Waarde Heer Van Vriesland -
(is het overigens niet tijd onze ‘heerschappen’ wat te laten vallen?)
Ik ben op mijn beurt in de wolken dat u mijn verzen goed vindt; u behoort dan tot de weinigen die dat doen, want mijn ‘medejongeren’, met uitzondering van Slauerhoff en Kelk, schijnen te hebben uitgemaakt dat ik ben: ‘uitsluitend een schrijver van critisch proza’ - en dat etiket draag ik nu, mon Dieu!
Veel succes met uw Schwob-vertaling935 voor de schoone lezeres van ‘De Zachtmoedige’ (in het Russisch heet dat verhaal, meen ik: ‘Zij was zoo lief en zacht’, wat ik oneindig mooier vind). Ik snak naar een herlezing - après la lettre - van uw Afscheid, en zal het zonder mankeeren meebrengen naar ons volgend treffen voor het woordje dat er bij hoort. Uw verzen in De Gids van Aug.936 heb ik niet; ook zou ik het zeer op prijs stellen indien u mij in staat stelde ook nog eenige te zien van de oudere verzen.

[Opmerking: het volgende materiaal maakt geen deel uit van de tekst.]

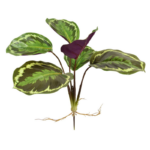 Planta artificiala Calathea Ornata h25cm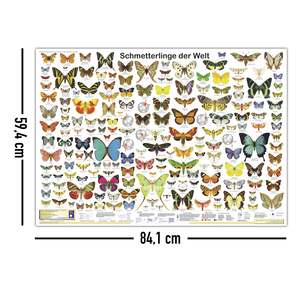 Affiche mondiale des papillons en allemand format DIN A1 pour décoration murale - Product Image 2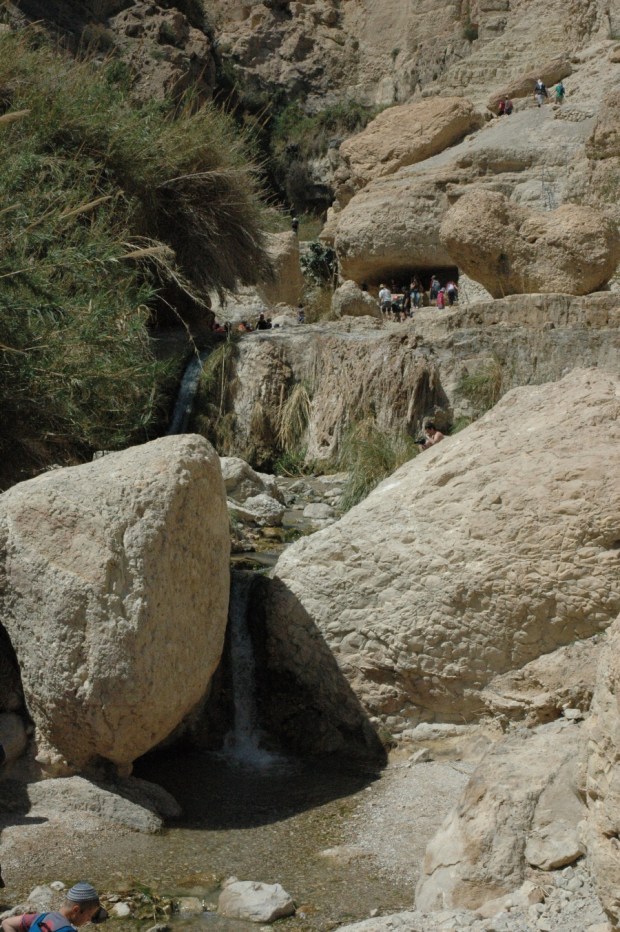 Ein Gedi oasis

En de latere, ongepubliceerde trekken mij natuurlijk aan om nòg andere redenen...
Belt u mij op of schrijft u mij een kaartje om te zeggen waar en wanneer?
Met hartelijke groeten, ook van mijn vrouw,
gaarne uw EduP.
937Mijn adres is voor eenige dagen: Museum-pension, P.C. Hooftstraat. - Onverwachte verhuizing!